And this worked! Thanks so much!

However, what if I had several other vectors inside of Bar. This would require a clone for each. Is there a way to implement the Copy Trait so I can "hide" (encapsulate) all of that detail?

In Rust Copy has a specific meaning of duplicating bytes without doing any additional bookkeeping. Vec is fundamentally incompatible with this, because it owns heap-allocated storage, which must have only one and exactly one owner. If it was allowed to be Copy, it'd be unclear which of the copies is the last one to free the storage.

Slice &[] can be Copy, because it doesn't free the storage.

But if the compiler is telling you to make something Copy, that's just a suggestion. You don't have to do this. You may have just misunderstanding of ownership, and you could avoid the need to copy by reorganizing your code, e.g. using shared references, a different data structure, or moving values to different structs or scopes. It depends on the situation.


I understand the ownership here.

Each Foo owns it's number and str ref, and each Bar owns a vector of Foo references. The Foos themselves are owned by the static array. My goal for the "store_do_work_restore()" method is to save off the Bar owned vector so it does not get clobbered by the other work that I intend to do against the passed in "other" vector (represented by the show() function) then restore it to it's original state before returning.
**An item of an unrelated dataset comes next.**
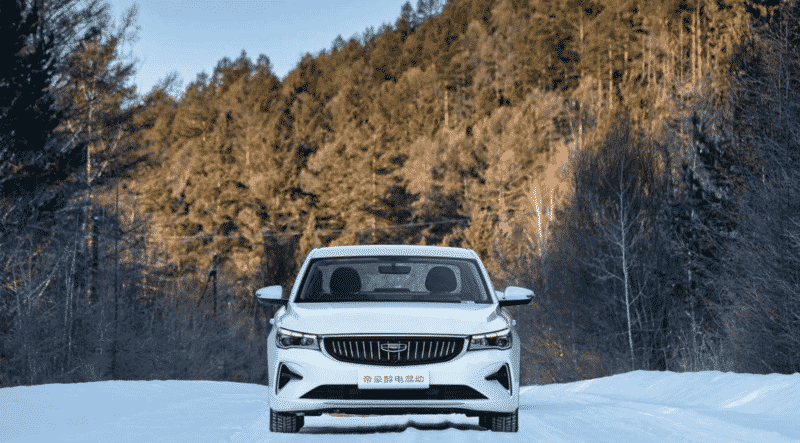 Электромобиль Geely Emgrand, работающий на метаноле, прошел зимние испытания в Китае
So I perhaps am not asking the right question and agree that the Copy trait is probably a distraction.

If that's all true then perhaps I'm just asking how to overload the assignment operator. I can research that if that's the correct answer.

There's also no way to overload the assignment operator. Rust's copies and moves (including assignment) are always semantically just the same as a memcpy of the immediate bytes. If you want something more complex, it will have to be explicit.


By the way. On a different topic. It took me several iterations of compiling and adjusting the lifetime specifiers before I go it to work. In particular, I found it a surprise that I needed to pick a different name for the lifetime 'b on the fn store_do_work_restore<'b> method.

It may be me, but I've yet to find a really comprehensive (easy to follow) educational document that would help me understand that!

If you make your types owning rather than borrowing, deep clones will become automatic, since containers' Clone is usually defined by element-wise cloning.

I couldn't see why the <'b> was needed so I copied your code and removed it from store_do_work_restore, and it still compiles and works for me. Maybe it was an intermediate issue as you were editing?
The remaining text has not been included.